Year of Release: 1969
A few entries back when we discussed Alexei Sayle's hit single, I (possibly unnecessarily) listed many of the comedians who - for better or worse - had issued vinyl from the fifties onwards. I neglected to mention Irish comedian Dave Allen, whose sole 45 is possibly one of the most unlikely releases there's ever been.
Before we really get stuck into the contents of this disc, it's worth me getting on my soapbox and arguing that I genuinely regard Allen to be a legend. His lengthy television career from the sixties to the nineties is a testament to his surprisingly broad appeal, but what's less appreciated in some quarters is quite how revolutionary he was in his own understated way. Way before Ben Elton steamed in with his "bit of politics", Allen weaved tales of hypocrisy in the church, lampooned authority figures and generally (and perhaps most successfully) highlighted the absurdities of human life. Allen certainly traded on grouchiness and his material frequently landed him in trouble, but unlike many comedians with an axe to grind, there was a warmth to his story-telling which still seems unique today. His sign-off line to audiences everywhere was "Goodnight, thank you, and may your God go with you", an entirely non-cynical and utterly ecumenical statement which, despite my lack of belief in a "God" as such, I can't help but find touching.
So perhaps it shouldn't be too surprising that a comedian choosing to sign off his shows in such a giving way released this record, in which he appears to read soft but slightly weary poetry to the accompaniment of an orchestral backing. "The Good Earth", despite its rather sentimental leanings, manages to sum up Allen's personality rather well, using an astronaut looking down upon the planet as its focus, then signing off with the resigned statement: "Why can't we be good on the Good Earth?" The wonder of space travel may seem like a rather corny focus for such a thought in the present day, but in 1969 this was doubtless a very modern, contemporary message.
The B-side "A Way Of Life" is actually more absurd still, being akin to "The Sunscreen Song" long before that God-foresaken record was ever issued (note - a blog reader has since informed me that it's a poster/ greetings card poem called "Desidereta" which has also been recorded by Leonard Nimoy under the title "Spock Thoughts"). To the accompaniment of "Greensleeves", Allen advises all his listeners on the best ways to approach life, offering gems such as "Listen to others, even the dull and the ignorant - they too have their story" and "For all that is sham, drudgery and broken dreams, it is still a very beautiful world". It's easy to laugh for all the wrong reasons at such a record, but maybe this was the closest we got to the softer side of Allen, almost - although not quite - uninterrupted by thoughts about the planet's aggressive absurdities. And whilst neither side of this record would ever be likely to win the Forward Prize for Poetry, it means well and isn't nauseating.

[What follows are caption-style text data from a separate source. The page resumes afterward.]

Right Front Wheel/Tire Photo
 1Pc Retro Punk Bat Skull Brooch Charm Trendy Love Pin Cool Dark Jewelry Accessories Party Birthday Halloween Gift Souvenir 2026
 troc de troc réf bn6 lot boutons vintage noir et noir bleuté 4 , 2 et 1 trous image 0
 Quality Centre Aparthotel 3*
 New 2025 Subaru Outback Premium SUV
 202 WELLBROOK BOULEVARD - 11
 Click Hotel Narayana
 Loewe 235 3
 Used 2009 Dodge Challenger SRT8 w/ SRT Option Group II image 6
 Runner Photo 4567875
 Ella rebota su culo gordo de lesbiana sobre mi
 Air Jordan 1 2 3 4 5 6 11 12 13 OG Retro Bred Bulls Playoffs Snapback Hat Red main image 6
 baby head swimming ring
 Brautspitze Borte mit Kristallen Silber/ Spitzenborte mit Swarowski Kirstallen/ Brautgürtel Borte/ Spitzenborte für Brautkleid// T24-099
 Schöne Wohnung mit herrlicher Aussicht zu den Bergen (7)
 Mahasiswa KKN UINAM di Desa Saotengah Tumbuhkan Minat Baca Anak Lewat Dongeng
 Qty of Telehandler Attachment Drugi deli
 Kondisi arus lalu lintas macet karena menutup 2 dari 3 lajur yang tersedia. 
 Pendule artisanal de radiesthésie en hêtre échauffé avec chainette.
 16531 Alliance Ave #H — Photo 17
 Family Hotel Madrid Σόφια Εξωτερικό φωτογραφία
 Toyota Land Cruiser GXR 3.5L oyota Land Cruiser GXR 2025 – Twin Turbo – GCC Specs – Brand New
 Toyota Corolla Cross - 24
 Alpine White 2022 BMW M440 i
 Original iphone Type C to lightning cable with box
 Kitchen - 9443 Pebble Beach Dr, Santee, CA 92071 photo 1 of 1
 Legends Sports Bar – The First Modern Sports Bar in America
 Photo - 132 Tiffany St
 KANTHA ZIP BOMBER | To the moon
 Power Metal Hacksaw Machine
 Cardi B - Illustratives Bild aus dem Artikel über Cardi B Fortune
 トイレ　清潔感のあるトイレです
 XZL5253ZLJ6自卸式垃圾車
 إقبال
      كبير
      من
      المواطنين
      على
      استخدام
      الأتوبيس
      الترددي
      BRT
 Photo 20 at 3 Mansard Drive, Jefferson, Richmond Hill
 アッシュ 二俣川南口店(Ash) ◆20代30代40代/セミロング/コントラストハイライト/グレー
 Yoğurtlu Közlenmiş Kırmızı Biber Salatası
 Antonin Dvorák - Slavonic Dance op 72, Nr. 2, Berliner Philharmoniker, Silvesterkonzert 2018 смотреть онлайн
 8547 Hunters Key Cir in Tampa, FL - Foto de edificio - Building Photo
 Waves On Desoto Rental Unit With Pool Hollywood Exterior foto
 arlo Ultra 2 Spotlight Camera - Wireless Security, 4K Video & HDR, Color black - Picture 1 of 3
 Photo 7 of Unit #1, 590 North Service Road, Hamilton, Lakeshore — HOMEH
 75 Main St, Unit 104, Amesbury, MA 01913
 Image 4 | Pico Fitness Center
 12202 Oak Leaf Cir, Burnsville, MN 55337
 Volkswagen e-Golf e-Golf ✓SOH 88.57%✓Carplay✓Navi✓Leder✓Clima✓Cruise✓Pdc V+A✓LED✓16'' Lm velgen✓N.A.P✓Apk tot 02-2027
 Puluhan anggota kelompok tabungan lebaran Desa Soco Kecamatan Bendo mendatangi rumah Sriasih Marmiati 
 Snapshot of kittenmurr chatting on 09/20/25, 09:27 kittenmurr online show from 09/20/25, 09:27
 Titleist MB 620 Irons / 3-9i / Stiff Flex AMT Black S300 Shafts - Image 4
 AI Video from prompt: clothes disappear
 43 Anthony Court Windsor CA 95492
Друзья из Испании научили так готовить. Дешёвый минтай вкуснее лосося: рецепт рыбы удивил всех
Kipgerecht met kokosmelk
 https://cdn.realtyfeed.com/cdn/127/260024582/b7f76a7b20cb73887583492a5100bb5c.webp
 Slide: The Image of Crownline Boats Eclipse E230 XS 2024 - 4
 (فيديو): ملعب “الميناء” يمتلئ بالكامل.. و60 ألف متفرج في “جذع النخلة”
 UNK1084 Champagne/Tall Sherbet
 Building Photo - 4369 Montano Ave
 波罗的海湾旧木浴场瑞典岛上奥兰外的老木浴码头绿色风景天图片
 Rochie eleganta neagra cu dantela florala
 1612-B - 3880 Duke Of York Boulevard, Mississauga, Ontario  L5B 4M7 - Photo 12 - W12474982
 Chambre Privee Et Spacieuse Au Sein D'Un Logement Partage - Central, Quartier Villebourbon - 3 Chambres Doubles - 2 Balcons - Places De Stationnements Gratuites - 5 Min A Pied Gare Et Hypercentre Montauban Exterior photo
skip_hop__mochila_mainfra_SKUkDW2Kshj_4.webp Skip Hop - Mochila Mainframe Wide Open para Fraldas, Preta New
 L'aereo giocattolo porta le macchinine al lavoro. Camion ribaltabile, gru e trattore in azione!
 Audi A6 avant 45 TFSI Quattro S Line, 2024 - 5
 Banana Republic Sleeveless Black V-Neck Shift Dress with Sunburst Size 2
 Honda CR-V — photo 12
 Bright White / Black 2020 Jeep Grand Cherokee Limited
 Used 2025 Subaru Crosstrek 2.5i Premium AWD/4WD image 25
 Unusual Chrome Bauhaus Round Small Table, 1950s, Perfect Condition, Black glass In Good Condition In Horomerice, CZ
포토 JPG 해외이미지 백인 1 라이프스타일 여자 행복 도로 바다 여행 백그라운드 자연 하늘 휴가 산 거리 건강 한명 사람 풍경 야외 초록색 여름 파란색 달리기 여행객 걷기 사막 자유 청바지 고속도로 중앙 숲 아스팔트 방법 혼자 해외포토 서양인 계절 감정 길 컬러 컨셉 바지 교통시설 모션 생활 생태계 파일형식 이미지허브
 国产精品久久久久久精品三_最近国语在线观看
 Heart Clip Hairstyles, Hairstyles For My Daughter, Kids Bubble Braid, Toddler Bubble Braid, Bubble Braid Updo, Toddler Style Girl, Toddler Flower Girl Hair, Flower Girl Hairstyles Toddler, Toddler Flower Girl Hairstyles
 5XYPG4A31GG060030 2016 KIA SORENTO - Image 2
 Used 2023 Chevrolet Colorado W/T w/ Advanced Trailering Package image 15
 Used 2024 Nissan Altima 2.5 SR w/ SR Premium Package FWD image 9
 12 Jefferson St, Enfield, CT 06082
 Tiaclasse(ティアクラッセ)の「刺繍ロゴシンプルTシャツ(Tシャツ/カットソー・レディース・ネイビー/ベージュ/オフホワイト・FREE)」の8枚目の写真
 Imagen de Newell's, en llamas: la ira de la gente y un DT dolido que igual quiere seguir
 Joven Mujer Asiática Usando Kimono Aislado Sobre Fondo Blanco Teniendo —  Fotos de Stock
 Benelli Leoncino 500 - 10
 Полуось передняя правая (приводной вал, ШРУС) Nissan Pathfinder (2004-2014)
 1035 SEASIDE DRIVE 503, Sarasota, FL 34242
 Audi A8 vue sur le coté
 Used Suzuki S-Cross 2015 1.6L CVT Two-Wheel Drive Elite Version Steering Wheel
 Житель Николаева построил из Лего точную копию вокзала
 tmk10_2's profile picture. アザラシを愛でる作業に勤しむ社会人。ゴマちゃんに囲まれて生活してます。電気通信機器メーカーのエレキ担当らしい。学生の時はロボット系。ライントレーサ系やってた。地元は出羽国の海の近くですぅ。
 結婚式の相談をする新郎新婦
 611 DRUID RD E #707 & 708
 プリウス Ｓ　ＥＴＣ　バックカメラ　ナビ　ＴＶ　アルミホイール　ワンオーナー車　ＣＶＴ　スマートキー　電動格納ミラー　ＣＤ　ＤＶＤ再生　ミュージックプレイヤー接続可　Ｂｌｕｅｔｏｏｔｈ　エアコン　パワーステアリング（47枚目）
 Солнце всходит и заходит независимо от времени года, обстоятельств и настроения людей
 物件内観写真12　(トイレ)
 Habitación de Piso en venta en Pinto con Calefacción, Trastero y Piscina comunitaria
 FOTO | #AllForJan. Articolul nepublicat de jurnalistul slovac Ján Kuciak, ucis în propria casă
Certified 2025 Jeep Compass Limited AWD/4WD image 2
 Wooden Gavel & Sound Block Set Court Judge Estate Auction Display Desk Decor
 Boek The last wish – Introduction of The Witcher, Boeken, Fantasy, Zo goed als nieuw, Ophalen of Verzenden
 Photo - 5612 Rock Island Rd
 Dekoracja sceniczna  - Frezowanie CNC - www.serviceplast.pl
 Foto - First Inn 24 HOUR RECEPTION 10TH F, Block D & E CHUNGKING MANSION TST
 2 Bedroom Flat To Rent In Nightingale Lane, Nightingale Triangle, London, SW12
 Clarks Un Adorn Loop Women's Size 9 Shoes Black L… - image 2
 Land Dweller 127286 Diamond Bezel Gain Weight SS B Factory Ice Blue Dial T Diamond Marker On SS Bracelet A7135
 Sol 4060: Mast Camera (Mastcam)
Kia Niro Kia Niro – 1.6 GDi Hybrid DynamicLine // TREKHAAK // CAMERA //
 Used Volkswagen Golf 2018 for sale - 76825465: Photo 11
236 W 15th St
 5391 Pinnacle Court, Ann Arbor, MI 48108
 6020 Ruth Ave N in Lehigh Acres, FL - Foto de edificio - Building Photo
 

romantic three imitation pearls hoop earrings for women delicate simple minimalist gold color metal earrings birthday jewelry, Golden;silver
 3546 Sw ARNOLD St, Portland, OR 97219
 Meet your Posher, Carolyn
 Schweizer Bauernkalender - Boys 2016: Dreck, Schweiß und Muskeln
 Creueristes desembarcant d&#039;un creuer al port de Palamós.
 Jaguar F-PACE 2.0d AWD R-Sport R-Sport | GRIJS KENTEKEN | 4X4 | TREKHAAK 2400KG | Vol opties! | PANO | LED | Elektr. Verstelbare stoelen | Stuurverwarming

It wasn't a hit, but when a Radio Two DJ played the record again in the nineties and asked in a rather perplexed manner why Allen put it out, he was unembarrassed and unrepentant, stating simply that he just saw it as a good opportunity to put some spoken word material with a message he happened to like to music. Of all the novelty or spin-off singles I've ever uploaded, this one feels the least like a cash-in, and certainly among the least likely to ever actually stand a hope of charting. I, for one, believe his version of events.